Remember, Don't Re-read: Stateful ReAct Agents for Token-Efficient Autonomous Experimentation

The autoresearch pattern enables autonomous experimentation by having a large language model (LLM) iteratively modify code to optimize a target metric. Its stateless design, however, reconstructs experimental context from scratch at every iteration, incurring O(n) token cost per iteration and O(n^{2}) total. This work reformulates the pattern as a stateful ReAct agent using LangGraph, where typed persistent state carries experimental history across iterations via a tool-calling interface. Two benchmarks are evaluated: hyperparameter tuning (15 iterations, small per-iteration observations) and code performance optimization (40 iterations, large per-iteration observations containing full source code and benchmark results).
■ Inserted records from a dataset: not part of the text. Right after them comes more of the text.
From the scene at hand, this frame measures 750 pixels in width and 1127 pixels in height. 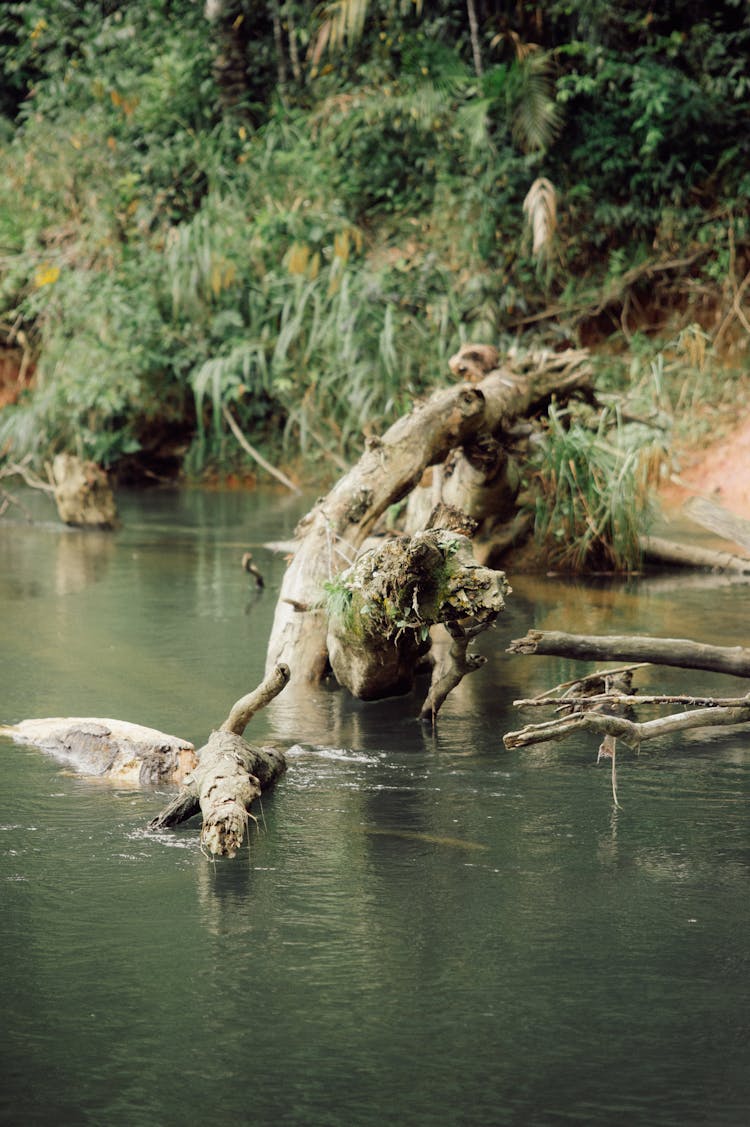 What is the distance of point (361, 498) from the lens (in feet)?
24.2

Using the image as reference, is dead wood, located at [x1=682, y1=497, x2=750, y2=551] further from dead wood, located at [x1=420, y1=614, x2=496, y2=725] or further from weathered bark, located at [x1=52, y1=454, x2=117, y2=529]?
weathered bark, located at [x1=52, y1=454, x2=117, y2=529]

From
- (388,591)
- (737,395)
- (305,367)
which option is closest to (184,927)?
(388,591)

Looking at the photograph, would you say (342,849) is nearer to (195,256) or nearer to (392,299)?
(392,299)

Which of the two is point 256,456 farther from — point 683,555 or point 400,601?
point 400,601

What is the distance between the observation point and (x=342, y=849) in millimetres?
4359

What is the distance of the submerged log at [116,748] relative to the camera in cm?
507

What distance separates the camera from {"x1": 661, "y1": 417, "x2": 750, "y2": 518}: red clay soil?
13.8 meters

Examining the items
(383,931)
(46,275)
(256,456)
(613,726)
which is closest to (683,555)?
(256,456)

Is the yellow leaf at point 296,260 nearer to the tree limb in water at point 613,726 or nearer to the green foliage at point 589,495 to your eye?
the green foliage at point 589,495

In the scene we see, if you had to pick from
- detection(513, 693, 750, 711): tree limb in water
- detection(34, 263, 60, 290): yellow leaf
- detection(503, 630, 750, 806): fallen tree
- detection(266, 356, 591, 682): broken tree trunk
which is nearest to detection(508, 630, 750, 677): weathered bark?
detection(503, 630, 750, 806): fallen tree

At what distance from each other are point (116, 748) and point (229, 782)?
0.96 m

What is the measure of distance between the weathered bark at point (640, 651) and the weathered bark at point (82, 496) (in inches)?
314

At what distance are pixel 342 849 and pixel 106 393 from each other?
38.0 feet

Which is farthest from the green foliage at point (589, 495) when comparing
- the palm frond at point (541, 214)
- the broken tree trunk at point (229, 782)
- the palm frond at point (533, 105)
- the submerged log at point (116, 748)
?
the palm frond at point (533, 105) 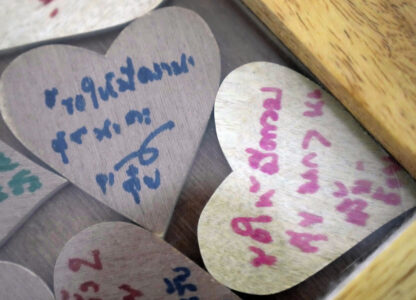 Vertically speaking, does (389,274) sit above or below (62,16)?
below

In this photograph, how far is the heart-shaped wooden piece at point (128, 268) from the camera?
44cm

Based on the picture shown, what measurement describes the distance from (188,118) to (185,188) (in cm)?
7

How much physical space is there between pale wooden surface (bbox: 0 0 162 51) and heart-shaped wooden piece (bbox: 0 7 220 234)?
0.01 metres

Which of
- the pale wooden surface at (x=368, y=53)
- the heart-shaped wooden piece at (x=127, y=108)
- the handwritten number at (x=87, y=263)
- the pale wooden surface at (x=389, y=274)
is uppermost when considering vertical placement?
the pale wooden surface at (x=368, y=53)

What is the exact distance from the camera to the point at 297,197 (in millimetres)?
436

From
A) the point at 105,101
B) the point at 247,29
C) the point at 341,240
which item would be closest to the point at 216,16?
the point at 247,29

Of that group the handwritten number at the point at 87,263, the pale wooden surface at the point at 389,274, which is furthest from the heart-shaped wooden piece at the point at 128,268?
the pale wooden surface at the point at 389,274

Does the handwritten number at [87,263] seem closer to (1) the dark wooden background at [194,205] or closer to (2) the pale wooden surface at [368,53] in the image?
(1) the dark wooden background at [194,205]

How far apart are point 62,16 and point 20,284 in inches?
9.8

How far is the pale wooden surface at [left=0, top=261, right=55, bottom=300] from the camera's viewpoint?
439 mm

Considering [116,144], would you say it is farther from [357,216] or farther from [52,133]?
[357,216]

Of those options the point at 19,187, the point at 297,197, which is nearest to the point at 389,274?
the point at 297,197

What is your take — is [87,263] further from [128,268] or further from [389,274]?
[389,274]

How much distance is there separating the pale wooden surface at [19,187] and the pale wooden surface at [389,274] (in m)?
0.27
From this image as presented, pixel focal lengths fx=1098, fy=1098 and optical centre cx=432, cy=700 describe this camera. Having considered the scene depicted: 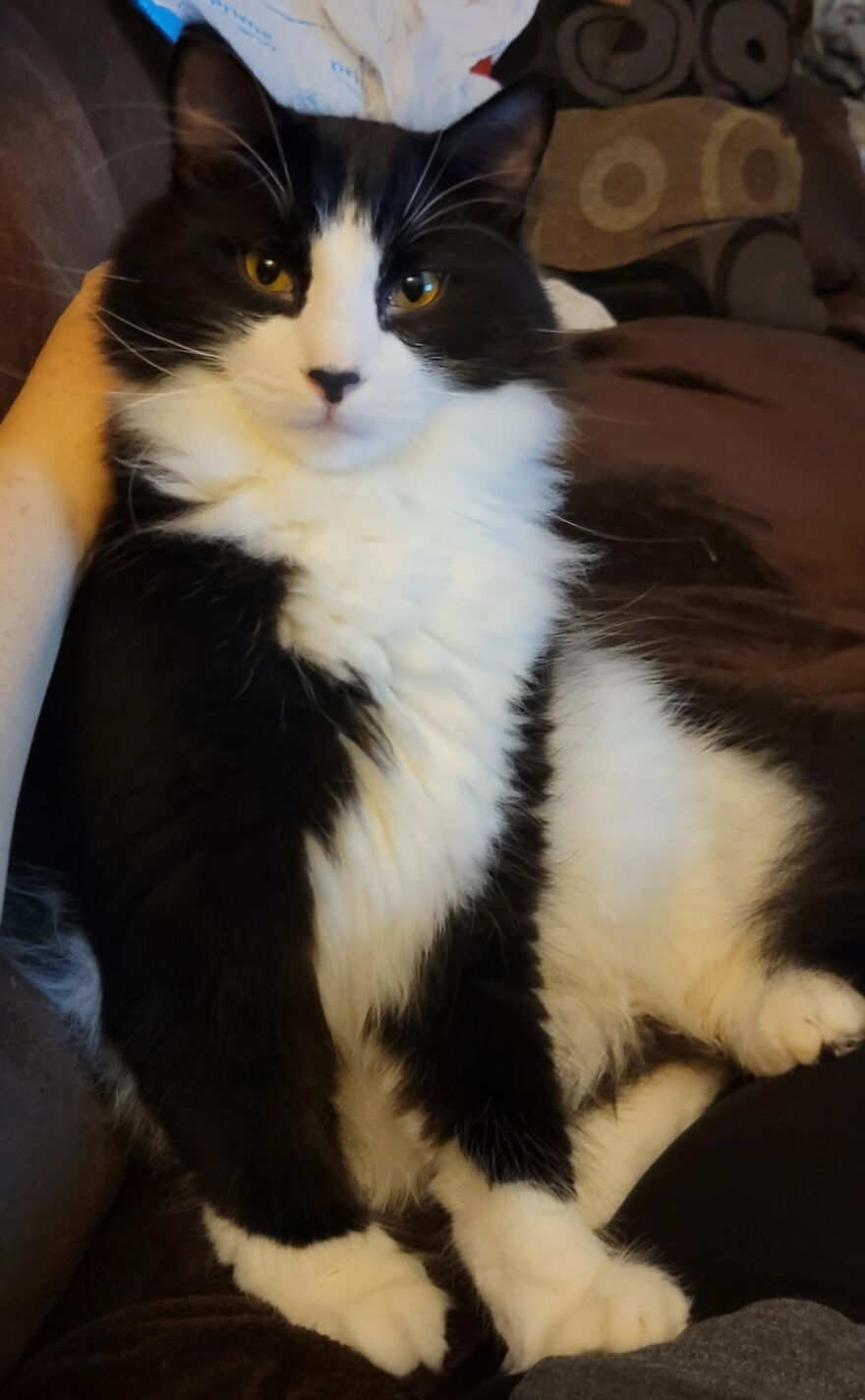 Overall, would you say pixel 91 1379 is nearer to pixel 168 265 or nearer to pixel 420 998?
pixel 420 998

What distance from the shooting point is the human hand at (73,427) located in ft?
3.49

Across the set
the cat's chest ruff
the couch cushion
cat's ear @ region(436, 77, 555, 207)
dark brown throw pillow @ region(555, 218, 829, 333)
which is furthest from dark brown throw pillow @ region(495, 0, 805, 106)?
the couch cushion

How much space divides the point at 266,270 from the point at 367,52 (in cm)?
94

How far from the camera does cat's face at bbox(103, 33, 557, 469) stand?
3.16 feet

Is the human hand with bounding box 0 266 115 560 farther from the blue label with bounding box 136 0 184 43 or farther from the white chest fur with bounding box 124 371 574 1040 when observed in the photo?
the blue label with bounding box 136 0 184 43

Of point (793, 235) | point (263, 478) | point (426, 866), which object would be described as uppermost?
point (793, 235)

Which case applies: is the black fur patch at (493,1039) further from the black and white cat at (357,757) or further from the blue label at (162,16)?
the blue label at (162,16)

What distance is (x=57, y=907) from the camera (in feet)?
3.57

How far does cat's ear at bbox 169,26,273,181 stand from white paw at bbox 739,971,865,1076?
98cm

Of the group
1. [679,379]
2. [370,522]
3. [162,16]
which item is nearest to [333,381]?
[370,522]

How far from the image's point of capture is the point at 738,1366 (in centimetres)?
66

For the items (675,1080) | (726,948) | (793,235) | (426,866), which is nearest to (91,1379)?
(426,866)

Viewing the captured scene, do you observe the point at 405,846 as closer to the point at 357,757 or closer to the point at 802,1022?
A: the point at 357,757

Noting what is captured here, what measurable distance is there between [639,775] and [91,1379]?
0.83 m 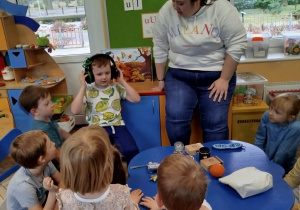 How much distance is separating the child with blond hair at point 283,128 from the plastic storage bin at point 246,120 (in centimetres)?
27

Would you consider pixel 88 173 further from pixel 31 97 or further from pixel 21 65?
pixel 21 65

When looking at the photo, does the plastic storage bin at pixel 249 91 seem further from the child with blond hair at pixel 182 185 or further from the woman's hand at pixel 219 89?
the child with blond hair at pixel 182 185

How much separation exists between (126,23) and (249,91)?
112 cm

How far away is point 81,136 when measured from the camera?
37.4 inches

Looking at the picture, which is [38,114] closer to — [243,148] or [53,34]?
[243,148]

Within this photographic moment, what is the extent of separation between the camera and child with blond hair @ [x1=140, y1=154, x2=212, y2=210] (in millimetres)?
860

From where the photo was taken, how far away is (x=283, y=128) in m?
1.76

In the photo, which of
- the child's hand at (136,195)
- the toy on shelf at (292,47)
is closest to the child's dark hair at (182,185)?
the child's hand at (136,195)

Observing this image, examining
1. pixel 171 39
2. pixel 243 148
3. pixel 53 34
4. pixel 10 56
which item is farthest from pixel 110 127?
pixel 53 34

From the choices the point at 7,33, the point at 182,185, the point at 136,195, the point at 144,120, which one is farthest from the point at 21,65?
the point at 182,185

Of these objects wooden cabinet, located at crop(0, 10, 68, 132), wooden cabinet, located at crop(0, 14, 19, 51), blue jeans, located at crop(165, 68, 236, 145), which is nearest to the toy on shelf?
blue jeans, located at crop(165, 68, 236, 145)

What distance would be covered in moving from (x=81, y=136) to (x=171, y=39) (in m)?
1.06

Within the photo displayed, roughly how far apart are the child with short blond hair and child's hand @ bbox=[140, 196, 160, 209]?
14.0 inches

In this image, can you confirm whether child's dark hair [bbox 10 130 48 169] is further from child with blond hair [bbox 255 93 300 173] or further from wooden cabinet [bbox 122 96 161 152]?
child with blond hair [bbox 255 93 300 173] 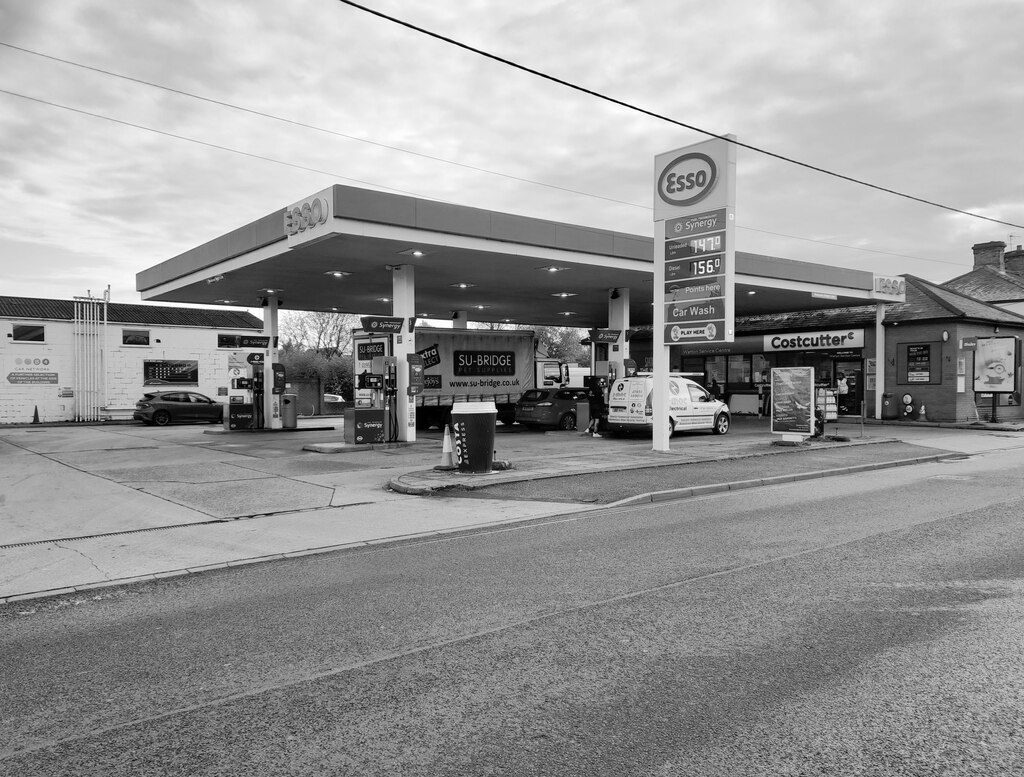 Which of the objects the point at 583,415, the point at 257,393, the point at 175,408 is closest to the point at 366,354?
the point at 583,415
On hyperparameter tuning, the stateful agent consumes 90% fewer tokens (2{,}492 vs.\ 24{,}465). On code optimization, the stateful agent consumes 52% fewer tokens (627K vs.\ 1{,}275K) while achieving comparable optimization quality on both tasks. The token reduction is structural: the stateless agent re-reads the full history at O(n) cost per iteration, while the stateful agent operates within a fixed-size conversation window at O(1) cost. This paper describes the architecture in sufficient detail for practitioners to implement a stateful autoresearch agent for their own workflows.